Bisher nicht. Zulieferer haben Nachrüstsätze entwickelt, mit denen Fahrzeuge auf die Euronorm 6 gebracht werden könnten. Doch dagegen sperren sich die Hersteller und Bundesverkehrsminister Andreas Scheuer (CSU). Die Landesregierung will sich laut Kretschmann weiter um eine Nachrüstung bemühen. Eine Förderung des Landes schließt er aus.

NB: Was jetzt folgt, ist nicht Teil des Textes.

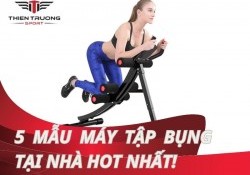 Lột xác vòng eo cùng 5 mẫu máy tập bụng tại nhà hot nhất!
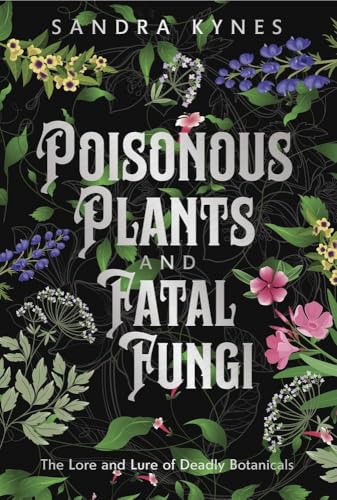 Book cover featuring ornate lettering and illustrations of colorful poisonous plants.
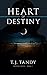 Heart of Destiny by T.J. Tandy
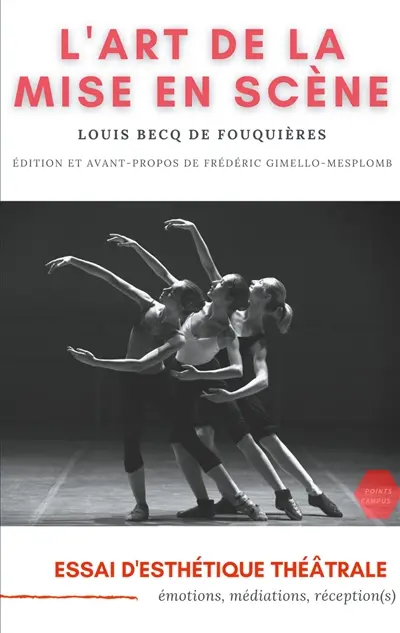 L'Art de la mise en scène : Essai d'esthétique théâtrale : émotions, médiations, réception(s)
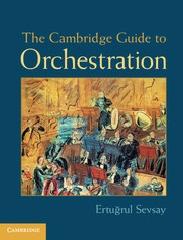 THE CAMBRIDGE GUIDE TO ORCHESTRATION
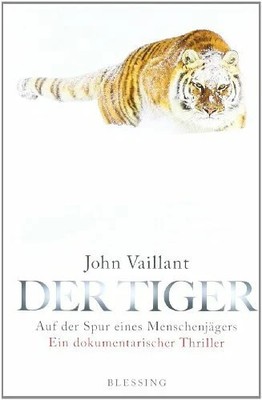 Der Tiger: Auf der Spur eines Menschenjägers. Ein Buch Karl Blessing Verlag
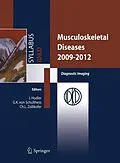 E-Book (pdf) Musculoskeletal Diseases 2009-2012 von J. Hodler, Ch. L. Zollikofer, G. K. Schulthess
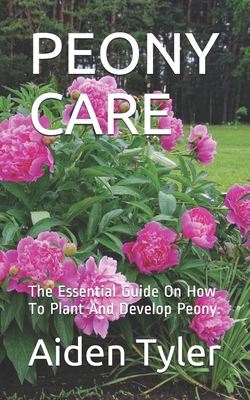 Peony Care: The Essential Guide On How To Plant And Develop Peony. By Aiden Tyler Cover Image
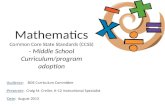 Mathematics Common Core State Standards (CCSS) - Middle School Curriculum/program adoption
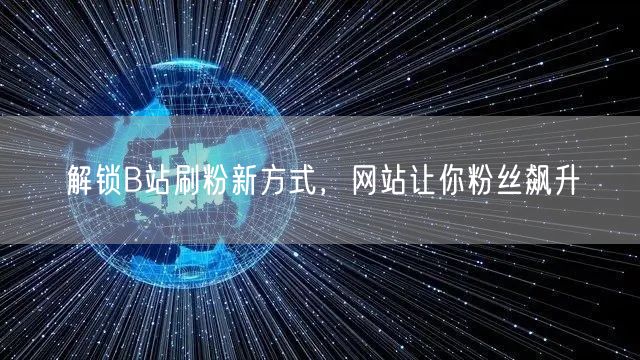 解锁B站刷粉新方式，网站让你粉丝飙升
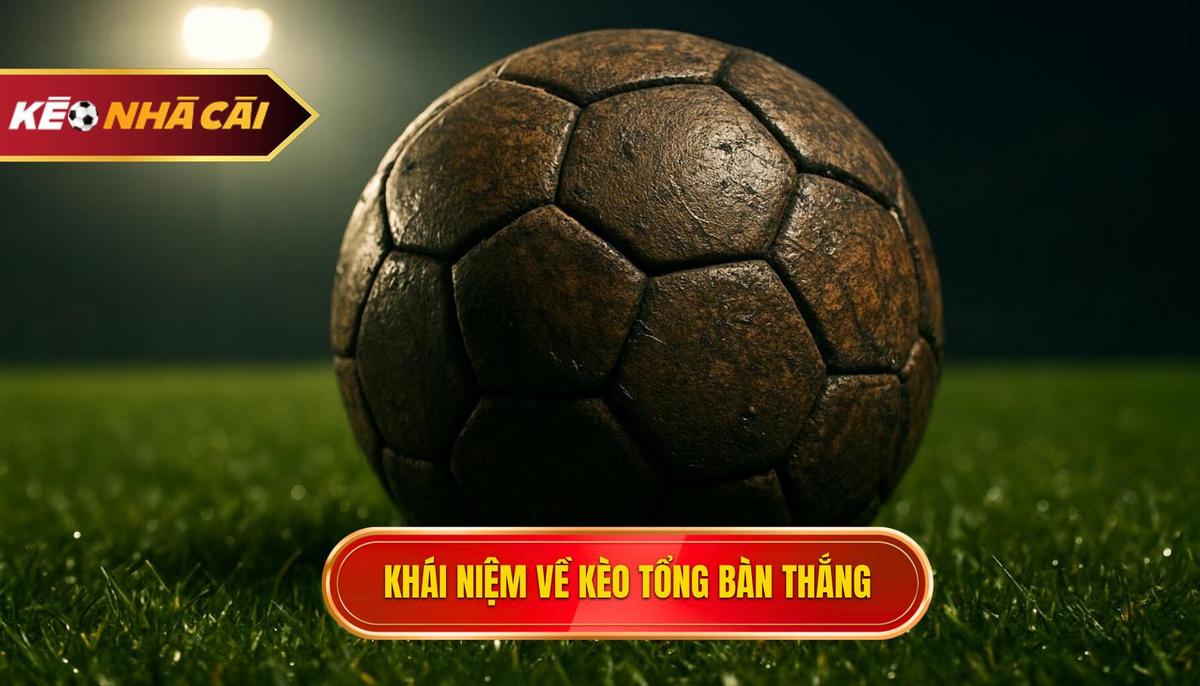 Khái Niệm Cơ Bản Về Kèo Tổng Bàn Thắng
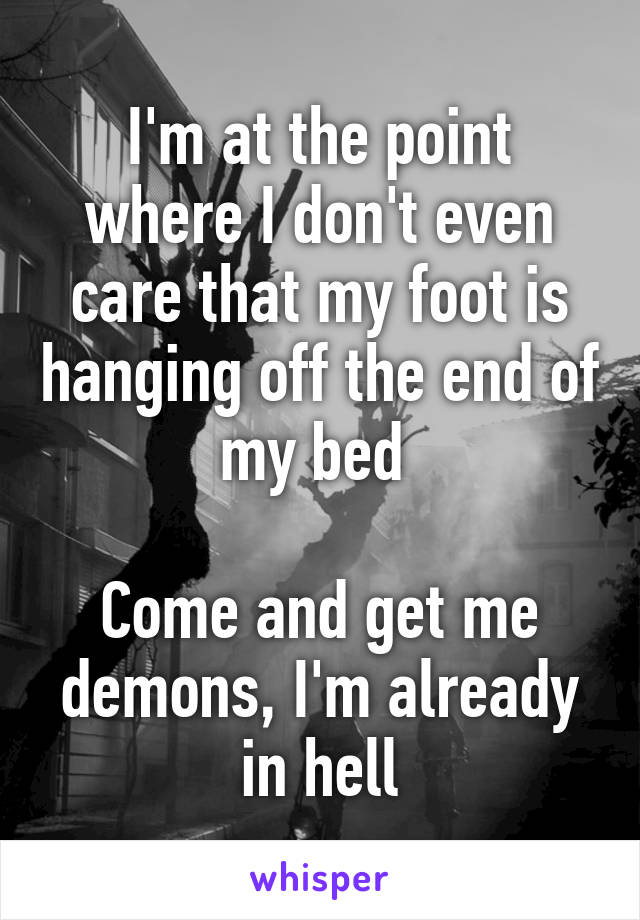 I'm at the point where I don't even care that my foot is hanging off the end of my bed 

Come and get me demons, I'm already in hell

Was ist mit der Klage von Anwohnern?

Anwohner des Neckartores hatten in einem Vergleich mit dem Land erreicht, dass die Verkehrsmenge an der Messstelle an Tagen mit Feinstaubalarmwetter um 20 Prozent sinken soll. Der Vergleich ist unabhängig vom stadtweiten Fahrverbot. Das Land scheint nicht gewillt, ihn umzusetzen. Am Donnerstag gibt es ein Gespräch im Verwaltungsgericht. Weigert das Land sich, wird Richter Wolfgang Kern wahrscheinlich ein Zwangsgeld von 10 000 Euro gegen das Land aussprechen. Weitere 10 000 Euro hat die DUH beantragt. Anwalt Roland Kugler, der die privaten Kläger vertritt, will über eine separate Busspur auf der Cannstatter Straße sprechen. Sollte das Land dort je eine der drei Fahrbahnen für Busse reservieren, könne man über das Zwangsgeld sprechen, so der Anwalt.